Several recent and pending commercial mortgage-backed securities transactions exemplify how effective this market has become. The latest is a $502 million transaction by Challenger International, a financial services company which specializes in managing retirement income. Challenger buys property to service its clients' annuity payments, and has a A$2.25 billion portfolio, spread between Australia and Britain (the company is about to enter the U.S. commercial real estate market). The deal, arranged and lead managed by Westpac Institutional Bank, is based on a portfolio of Australian properties independently valued at A$800 million and valued by Standard & Poor's at A$680 million.

One of the innovative features of the transaction is that the underlying collateral of 25 properties has been divided into four "silos." This reflects, firstly, the fact that life insurance companies in Australia are not allowed to borrow money to invest and must, therefore, invest in assets that are already geared. In Challenger's case, this means property trusts. Secondly, life companies are unable to invest more than 5% of their total assets in any single investment and still receive full regulatory treatment for their insolvency requirements (Challenger is a life insurance company in name only; it needs the status in order to be able to sell annuity products). The company has around A$1.6 billion in assets, and so is constrained from investing more than A$80 million in any one asset or property trust. The silo structure helps to overcome this limitation for the purposes of the securitization.

There is a slight downside to this for investors, however. As S&P points out in its rating rationale, the debentures and loans to each of the property-owning trusts are cross-collateralized only to the extent of the loans within each stock pool (silo). "A shortfall in interest or principal from any one stock pool therefore has limited capacity to be recovered from any other stock pool," says S&P. The rating agency compensates for this by requiring a higher degree of subordination than normal. It allows Challenger, for example, a loan-to-valuation ratio of just 32% at the AAA' level (based on S&P's conservative portfolio valuation), compared to 39% and 40% for comparable CMBS structures in the market.

The deal, which was still being roadshowed as ASR went to press, consists of A$220 million of Class A notes rated AAA'; A$115 million of Class B notes rated A'; A$55 million of Class C notes rated BBB+'; A$27 million of Class D notes rated BBB'; and five unrated tranches: E-1 (A$22.25 million), E-2 and E-3 (A$23.75 million each), E-4 (A$15.25 million), plus a credit-linked note issued against an asset where there is some possibility of default (A$8.64 million).

A shifting pendulum

Though the market has seen robust activity, it looks set to peak, just as the volume of deals so far this year reaches A$2 billion, ahead of the A$1.5 billion for all of 2001. The reason: banks want to start lending to property developers again.

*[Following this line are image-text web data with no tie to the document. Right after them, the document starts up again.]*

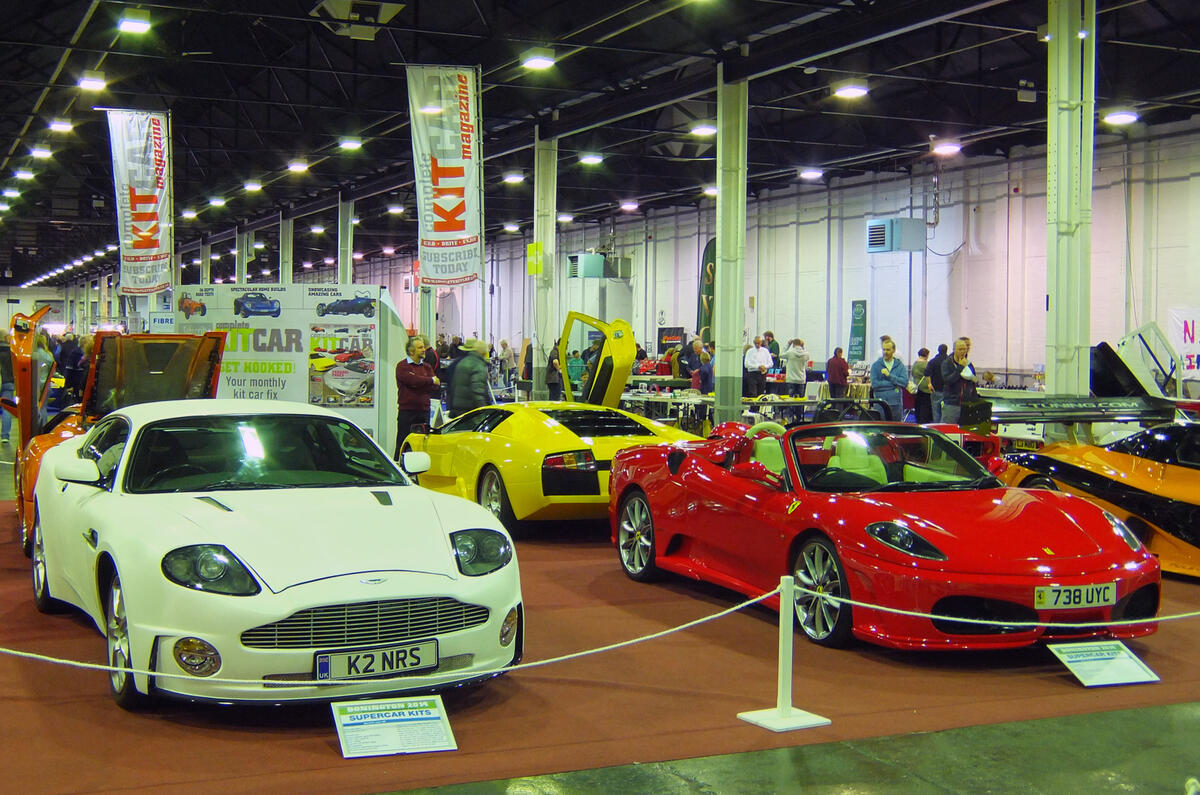 National Kit and Performance Car Show report and gallery 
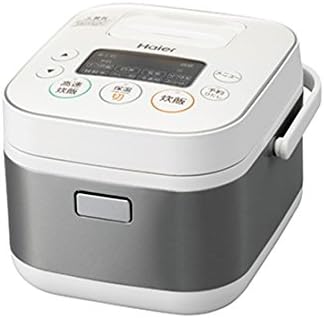 Amazon ハイアールジャパンセールス 3合 マイコン式炊飯器 ホワイト 型番 Jj M31a W ハイアール Haier 家電 カメラ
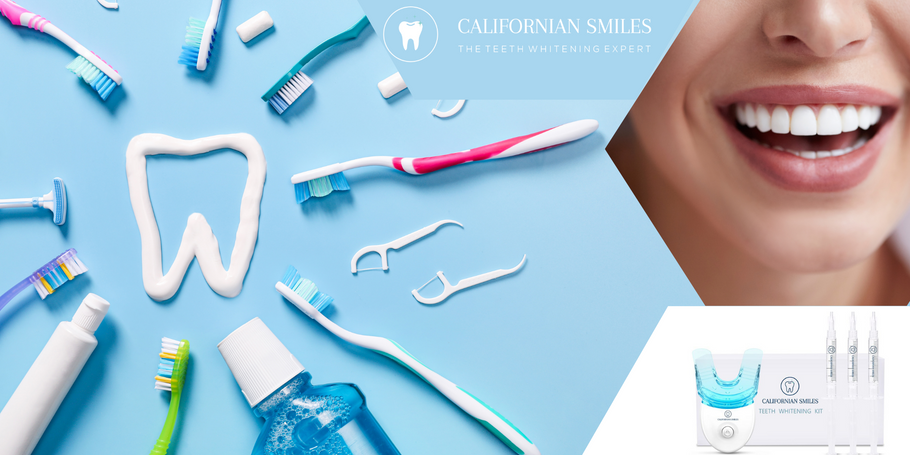 É possível combinar o kit de branqueamento dentário com outros produtos de higiene dentária?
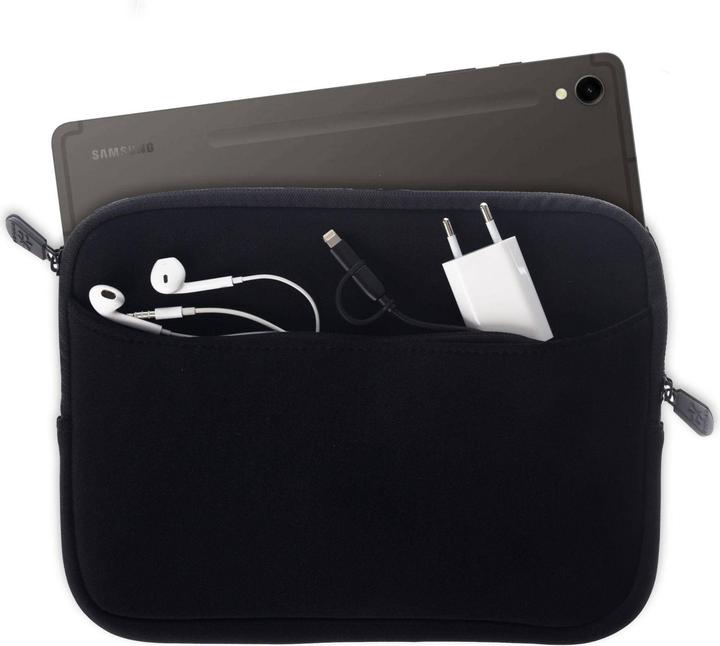 Actual product image !K7 DarkRoom neoprene bag/sleeve| Samsung Galaxy Tab A & S up to 11| black| (62929) (Universal)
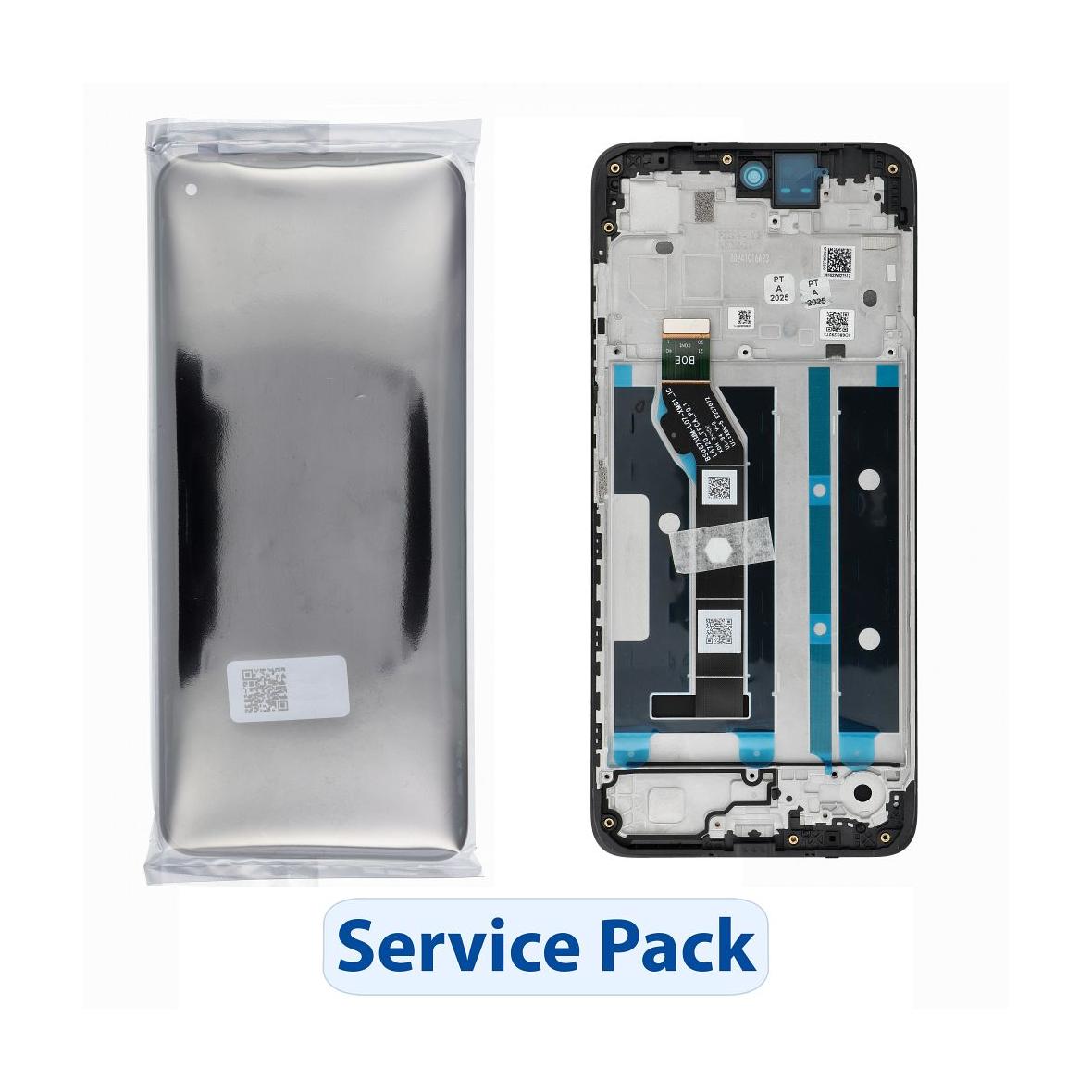 ServicePack Wyświetlacz LCD do MOTOROLA Moto G15 / G15 Power 5D68C29273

One of the early drivers of the CMBS market's solid growth in Australia during the last three years was banks paring down their property exposures, which were approaching their limits. At the same time, property developers and owners saw the CMBS market as a way of diversifying their liabilities.

More recently, the market has gained additional momentum as asset sellers have discovered they can issue multiple tranches of tiered debt-secured, in some cases, against property portfolios over which they had already issued senior paper.

So successful has the market been, the banks are now looking at ways of filling the holes in their property books. At the moment, they are stepping up for CMBS lines at the lower end of the credit curve, and providing added liquidity to the sector. Securitization professionals believe, however, that it is only a matter of time before the banks start competing with CMBS to put property assets directly back on to their books. When that happens, say the professionals, the flow of CMBS will slow.

Other deals

Some weeks ago, South African-based investment bank Investec broke new ground with a deal which securitized A$250 million of property assets the first in Australia to pool together residential and commercial mortgages. The transaction, structured and arranged by SG Australia, is being warehoused in the latter's ACE program before being refinanced with public term debt.

In the residential MBS sector, Interstar Securities has made its first venture into the offshore market with a US$1 billion global deal backed up by a A$125 million tranche of subordinated debt. The deal is the fifth global RMBS by an Australian bank so far this year and takes the total of such issuance for the year to A$9.1 billion compared to A$13.6 billion for the whole of last year. Macquarie Securitisation, which manages the PUMA program, has filed a preliminary prospectus for its second, US$1 billion global issue.